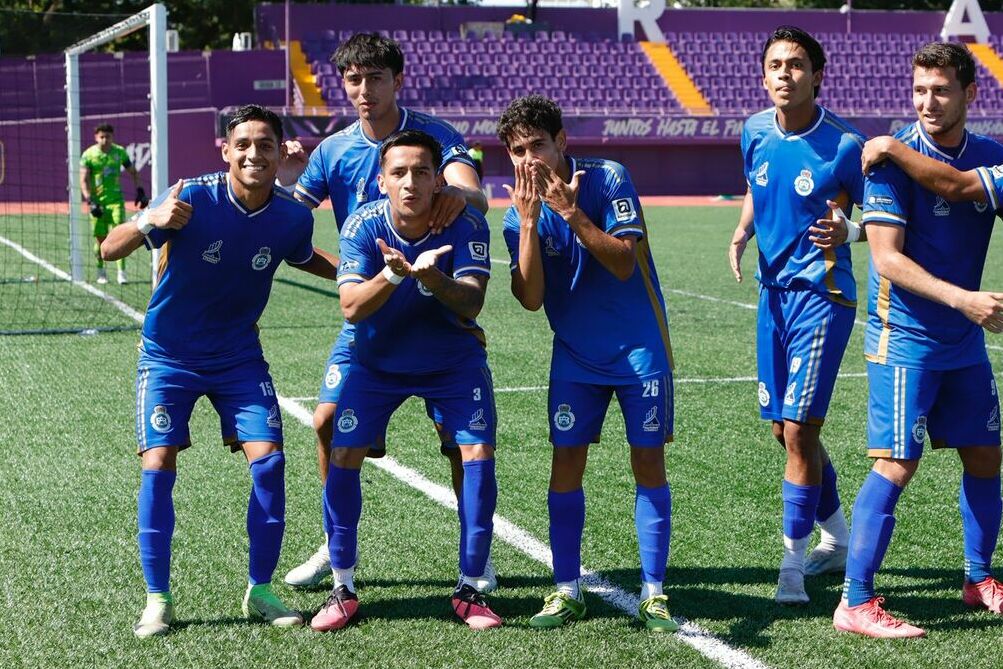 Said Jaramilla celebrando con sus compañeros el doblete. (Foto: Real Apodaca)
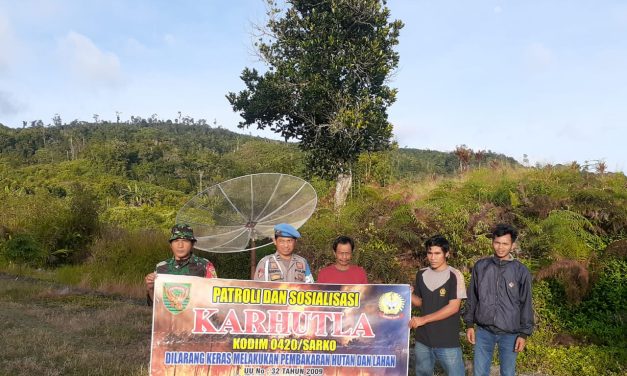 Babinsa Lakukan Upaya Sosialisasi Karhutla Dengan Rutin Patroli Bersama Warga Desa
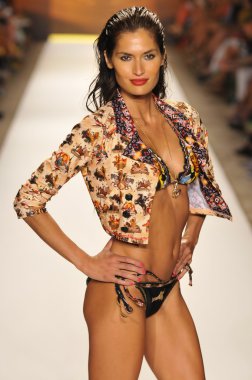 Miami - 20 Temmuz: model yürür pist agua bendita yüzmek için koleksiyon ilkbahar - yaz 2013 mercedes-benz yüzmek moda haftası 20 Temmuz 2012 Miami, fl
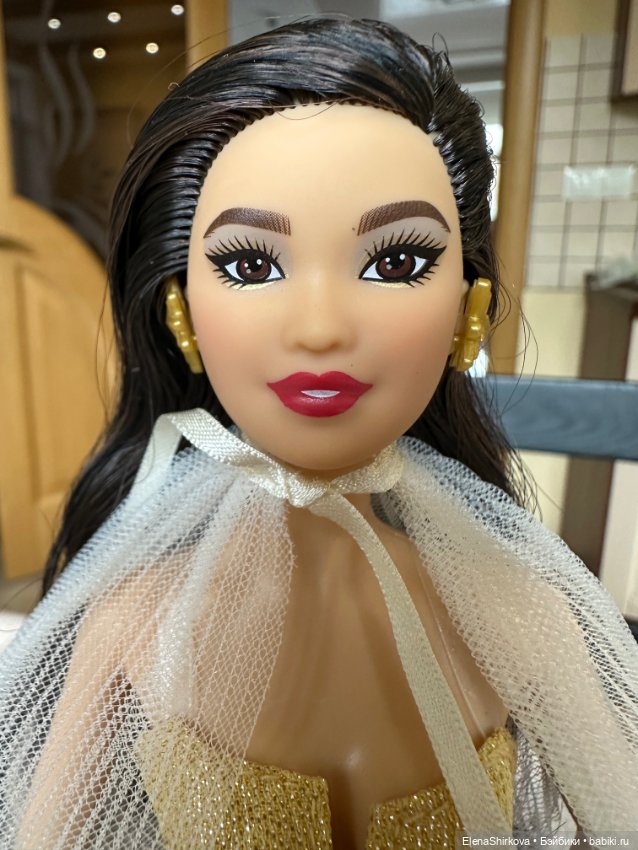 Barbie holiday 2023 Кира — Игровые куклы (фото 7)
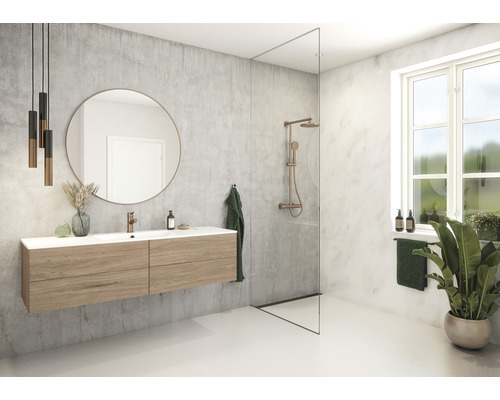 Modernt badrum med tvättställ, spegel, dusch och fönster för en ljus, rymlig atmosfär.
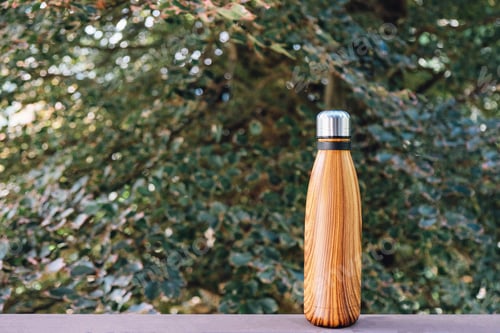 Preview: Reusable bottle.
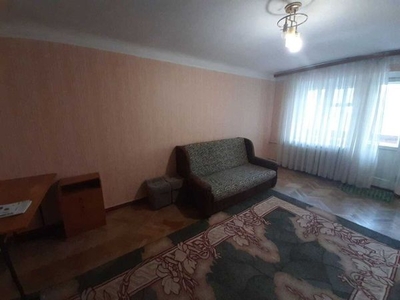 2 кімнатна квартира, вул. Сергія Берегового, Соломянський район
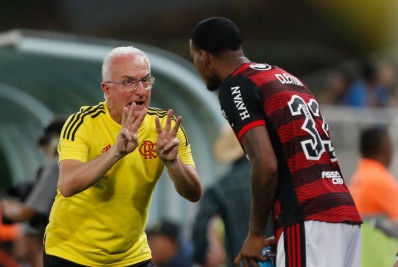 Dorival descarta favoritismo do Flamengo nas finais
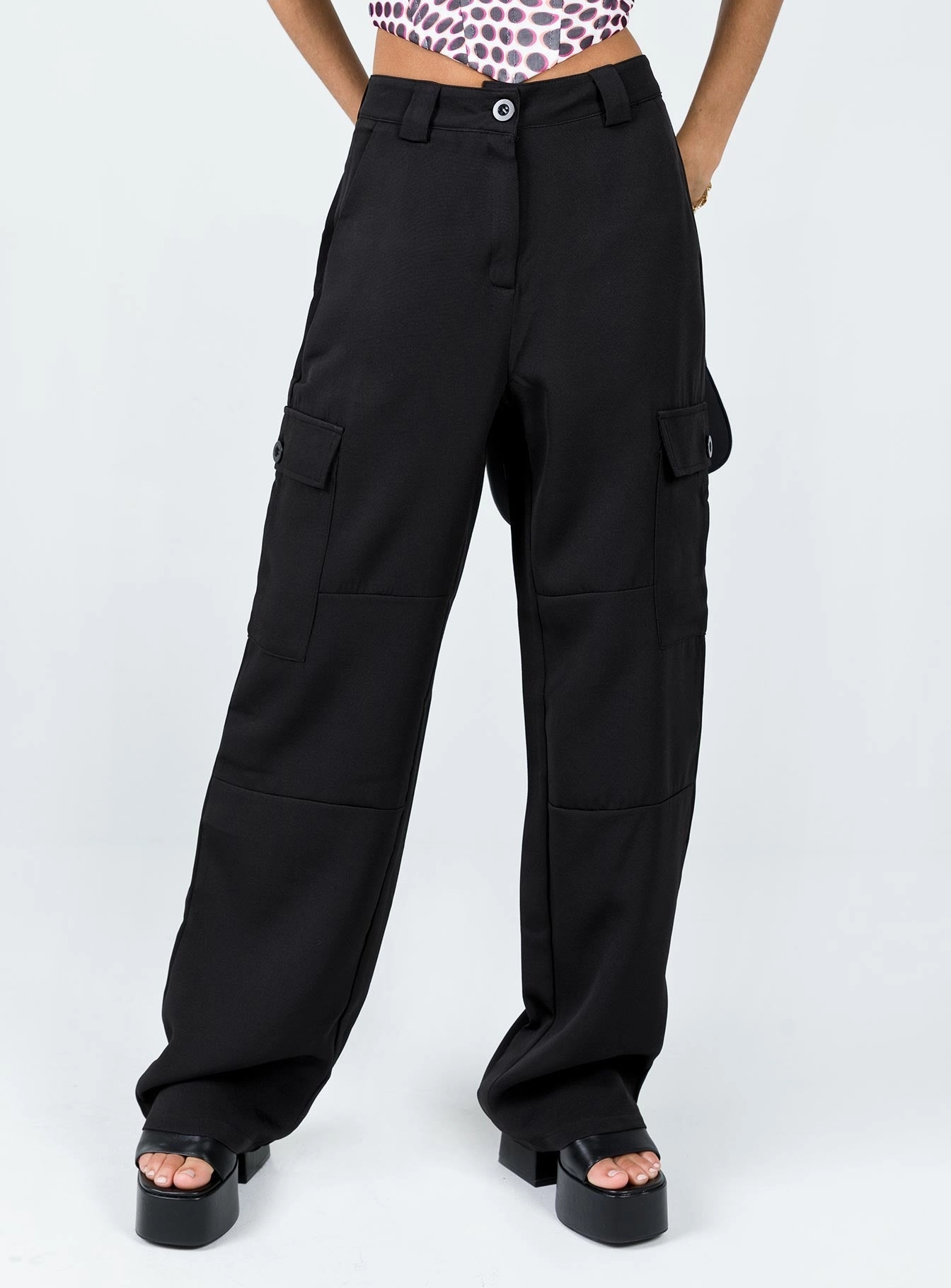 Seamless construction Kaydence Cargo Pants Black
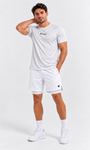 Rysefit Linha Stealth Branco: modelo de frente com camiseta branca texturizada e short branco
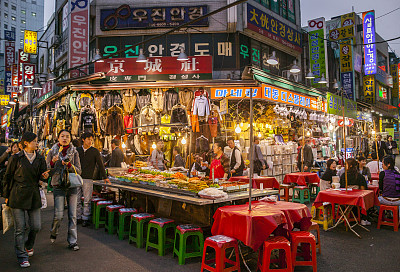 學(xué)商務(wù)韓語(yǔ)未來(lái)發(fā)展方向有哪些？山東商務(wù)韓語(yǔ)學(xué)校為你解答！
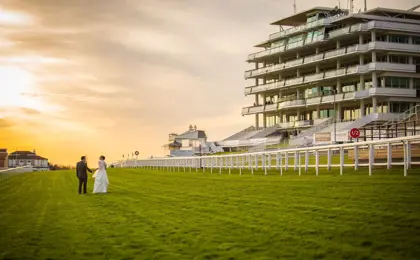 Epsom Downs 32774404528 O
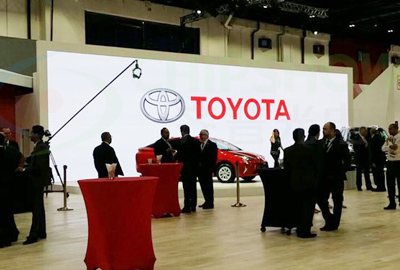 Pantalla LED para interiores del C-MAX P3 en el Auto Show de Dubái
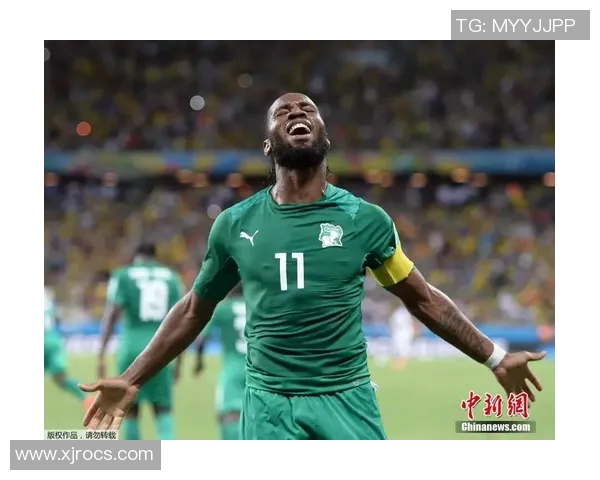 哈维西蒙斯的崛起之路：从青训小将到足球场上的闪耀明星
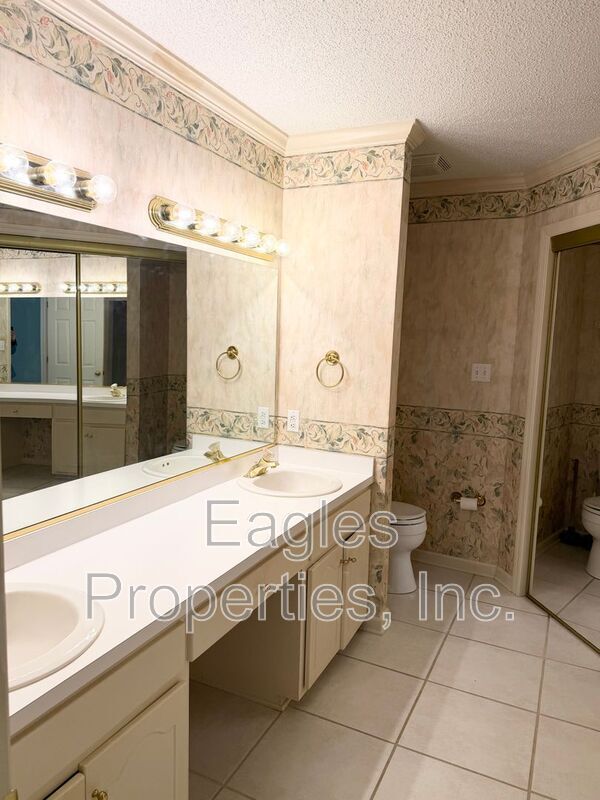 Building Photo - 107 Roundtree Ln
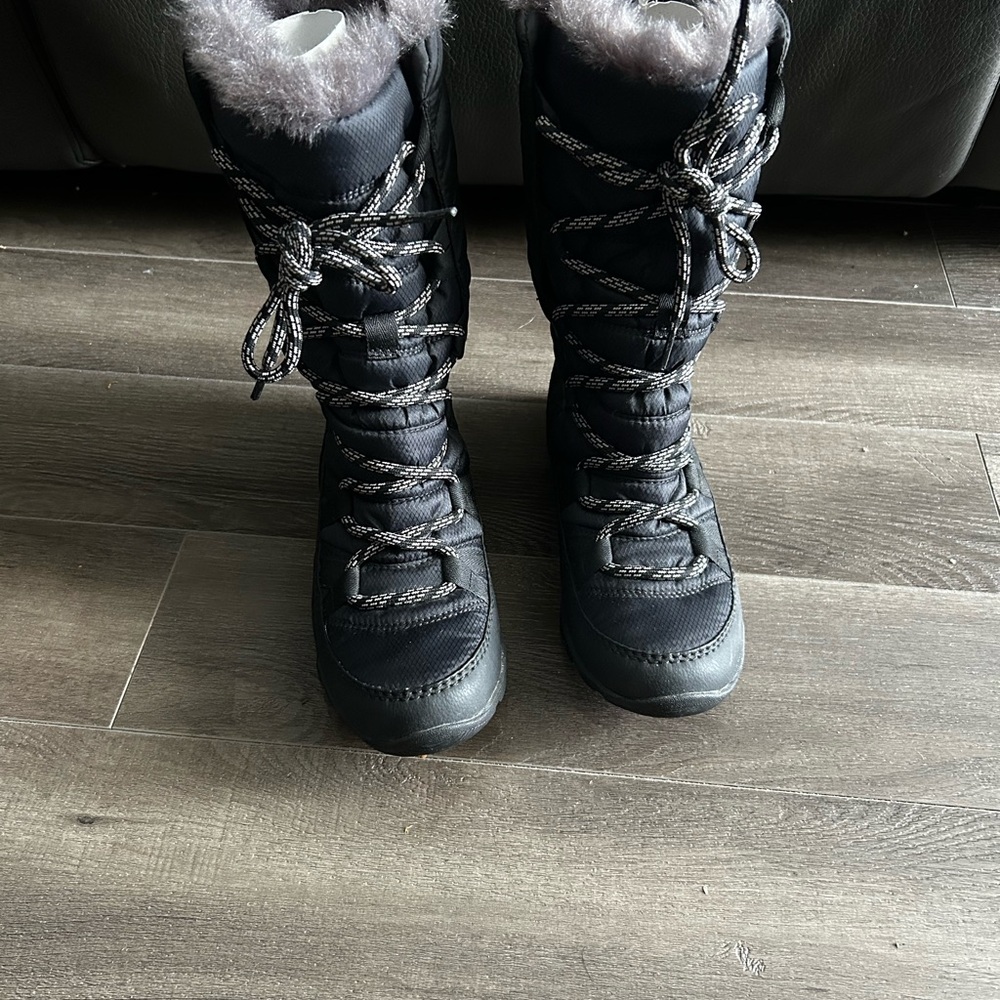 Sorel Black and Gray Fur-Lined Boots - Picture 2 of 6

■ ■ ■

Exercise
Restate word for word only the lines from where the entries begin through the one with "Preview: Reusable bottle."; omit the pictures.

Result for this task
 Said Jaramilla celebrando con sus compañeros el doblete. (Foto: Real Apodaca)
 Babinsa Lakukan Upaya Sosialisasi Karhutla Dengan Rutin Patroli Bersama Warga Desa
 Miami - 20 Temmuz: model yürür pist agua bendita yüzmek için koleksiyon ilkbahar - yaz 2013 mercedes-benz yüzmek moda haftası 20 Temmuz 2012 Miami, fl
 Barbie holiday 2023 Кира — Игровые куклы (фото 7)
 Modernt badrum med tvättställ, spegel, dusch och fönster för en ljus, rymlig atmosfär.
 Preview: Reusable bottle.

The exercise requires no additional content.